De Christ il n'est guère question, sauf à la fin du film: 25 décembre, veille de Noël, John Doe, comme on l'appelle, va-t-il revivre? C'est à ce moment qu'on le présente officiellement comme une figure christique, faisant le Bien autour de lui, propageant la paix chez les ennemis, scellant l'alliance avec l'Autre, prêt à se sacrifier pour l'humanité. Jusqu'à alors, le discours à teneur religieuse était absent: il y était surtout question de politique, de médias, des mœurs américaines, de l'esprit grégaire du peuple, entre autres. Beaucoup de thèmes importants abordés donc, ce qui n'est pas sans conséquence : Capra s'y emmêle un peu les pinceaux, surtout à la fin.
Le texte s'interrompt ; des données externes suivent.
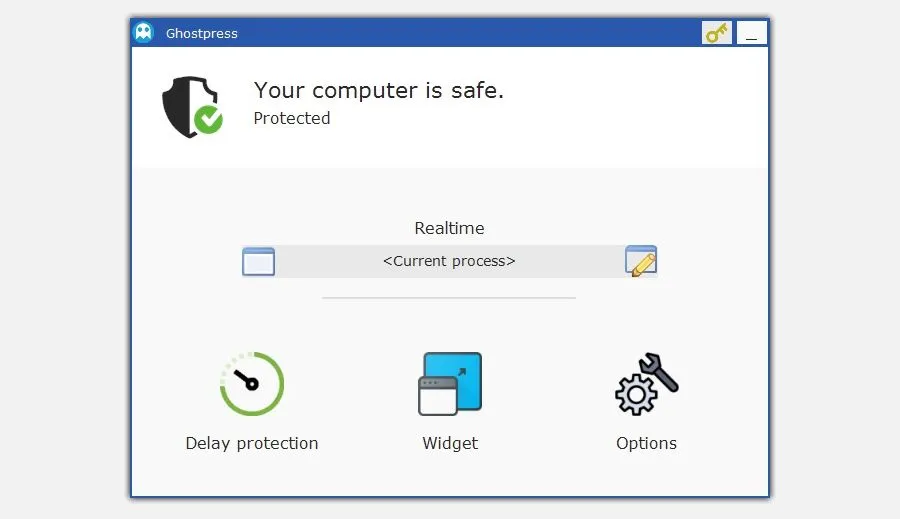 Giao diện ứng dụng Ghostpress trên máy tính để bàn giúp phát hiện và chống keylogger hiệu quả.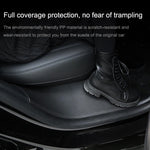 For Tesla Model Y Rear Door Built-In Sill Strip Rear Seats Anti-Kick Leather Protective Pad, Black, Carbon Fiber, TPE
Cependant sa peinture d'un monde cynique et sans pitié, où les patrons licencient sans scrupule, où les femmes sont vénales, où les grands décideurs se réunissent secrètement pour comploter, où le peuple lui-même est cruel et facilement influençable, est remarquable et toujours d'actualité – même si de nos jours la « communication » comme on l'appelle si joliment, et qui s'apparente plutôt à une manipulation organisée des masses, est plus subtile, plus insidieuse, car les citoyens sont un peu plus avisés et donc moins crédules. Certes, on frôle parfois la caricature – mais au fond tous ces gens-là ne sont-ils pas caricaturaux dans la « vraie vie » ?
Mention spéciale aux discours, poignants, exemples pour bien des communicants. Et au jeu d'acteurs par l'acteur, signé Gary Cooper, dans une mise en abîme du rôle du cinéaste, lui aussi manipulateur en fin de compte.
Un film qui dévoile les enjeux de la communication moderne en en posant les prémices.